Jobs meant more to people than mere celebrity. Here is a random
tribute I pulled from an Irish blog:
"I never met Steve, but he meant a lot to anyone and everyone in the
technology community, and he was an idol of mine. The Apple chairman
and former CEO who made personal computers, smartphones, tablets, and
digital animation mass-market products passed away today. We're going
to miss him, deeply."
What led people to this kind of personal identification with "Steve"?
Perhaps it was the beauty of Apple products? But Jobs did not design
anything: he was instead a frequently tyrannical boss who extracted
the best from his underlings, albeit at a cost. Great -- really great
-- architects and industrial designers have come and gone, and even
today only Apple fanboys know of Jony Ive, who is our latter-day
Teague or Saarinen.
Does the prematurity of his death explain the extremity of the
reaction? Maybe partially.
Was it his philanthropy? No. Like many in Silicon Valley, Jobs was
not public about whatever charities he might have supported. There
was no Gates-like combination of focus and scale, no "think
differently" about his wealth's potential for the kind of social
change he admired as a young man, at least that we know of.
I think part of the fascination with Steve Jobs derived from his
extremes: throughout his adult life, Jobs had an extraordinary ability
to embody contradictions. The famous "reality distortion field"

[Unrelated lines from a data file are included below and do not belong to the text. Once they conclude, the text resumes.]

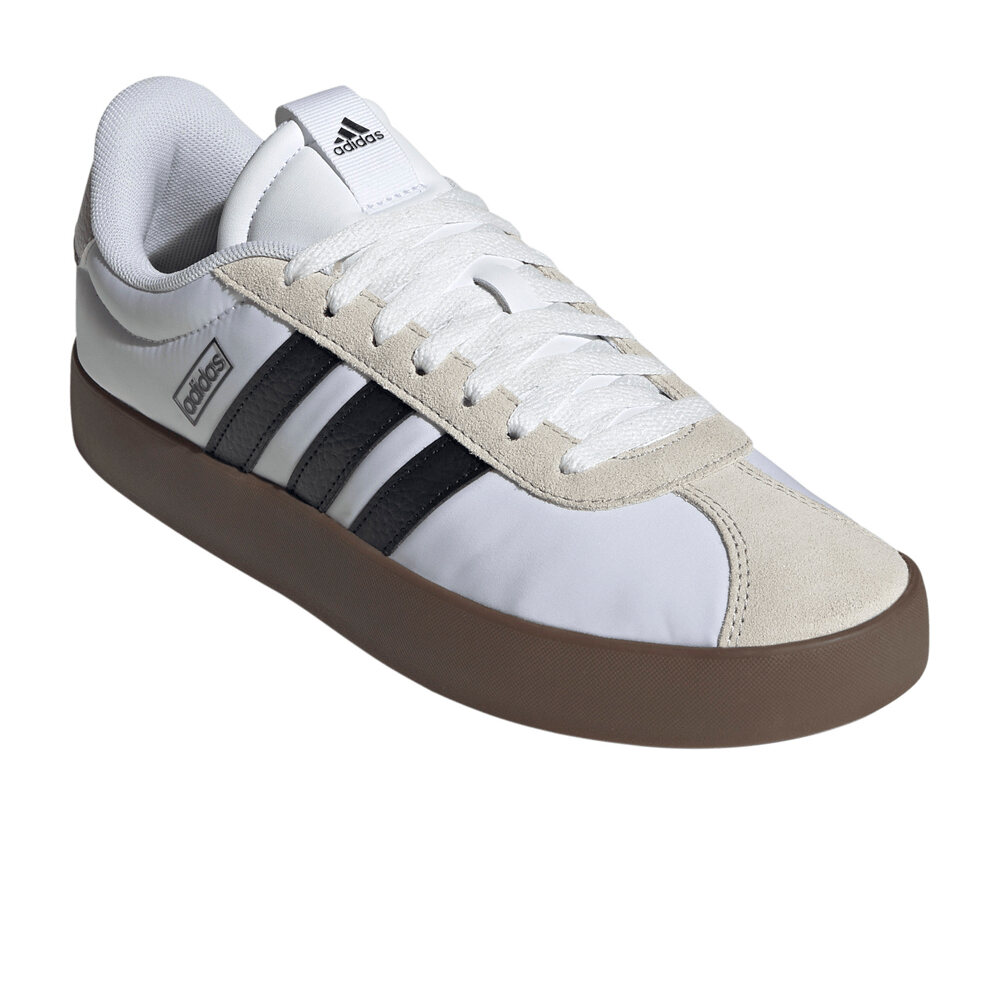 adidas zapatilla moda hombre VL COURT 3.0 lateral interior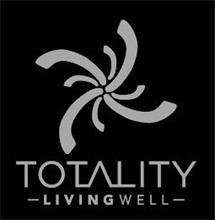 TOTALITY LIVING WELL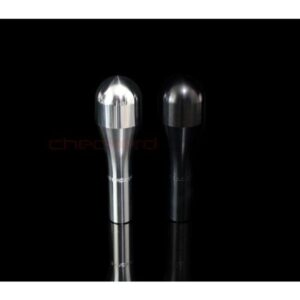 Checkerd Sports - Lightweight Aluminum Extended 2" Shift Knob V3
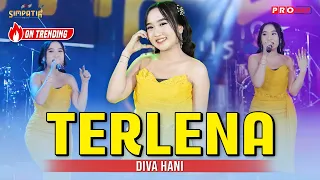 terlena diva hani simpatik music official music video sungguh aku bahagia terlena ku terlena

surrounding the man from an early age meant that people suspended
disbelief in his presence, sometimes unwillingly. To take one example,
Apple never got hit with the same kind of "sweatshop" rhetoric that
was directed at Nike even though life in the Chinese assembly plants
was nasty, brutish, and often short: in 2010, 14 successful suicides
occurred, along with 4 other jumps. In response, a broad system of
nets was installed, and the management of the dorms improved, along
with other changes. It's worth noting that the factory suicide rate,
while alarming, is lower than in either urban or rural China more
generally: the outsourced manufacturer Foxconn employs a million
workers, nearly half of whom work in one facility in Shenzhen when
Apple products (along with others) are assembled.
There were other contradictions: think differently while telling
customers to conform to Apple's dictates of what constitutes fashion.
Build luxury goods while citing Buddhism. The image of artful
rebellion coexisting with a rigidly locked-down computing environment,
particularly for paid content.
None of these factors is a sufficient predictor of the Princess
Diana-like personal identification. Instead, the outpouring of
feeling speaks to several things, I believe.
1) Blogs, social media, Facebook pages, and YouTube make
self-expression to potential multitudes easy and accessible. These
tools, descended from the scruffy, anarchic origins of the public web
rather than the clean appliance-like aesthetic of Apple products,
allow for mass outpourings we would never have seen on public-access
cable or letters to the editor.
2) Jobs personified salvation from the stupidity millions of people
felt in the face of DOS prompts, device drivers, dongles, funny-shaped
plugs that never matched, and other arcana of computing. Used to
feeling inferior before a beige or gray box that would not do what we
wanted, people liked feeling more in control of the products that were
cute, friendly, and, after Jobs' death, now talk to us intelligently.
3) More broadly, perhaps, we have a shortage of heroes. Much like
Lennon, Jobs dared to imagine. As one commentator noted, envisioning
the future loosely connected Jobs to the saints and other religious
figures who truly had Visions. That connection does something to
explain the near-martyrdom that seemed to be shaping up in some
quarters. But even in purely secular terms, where are today's heroes?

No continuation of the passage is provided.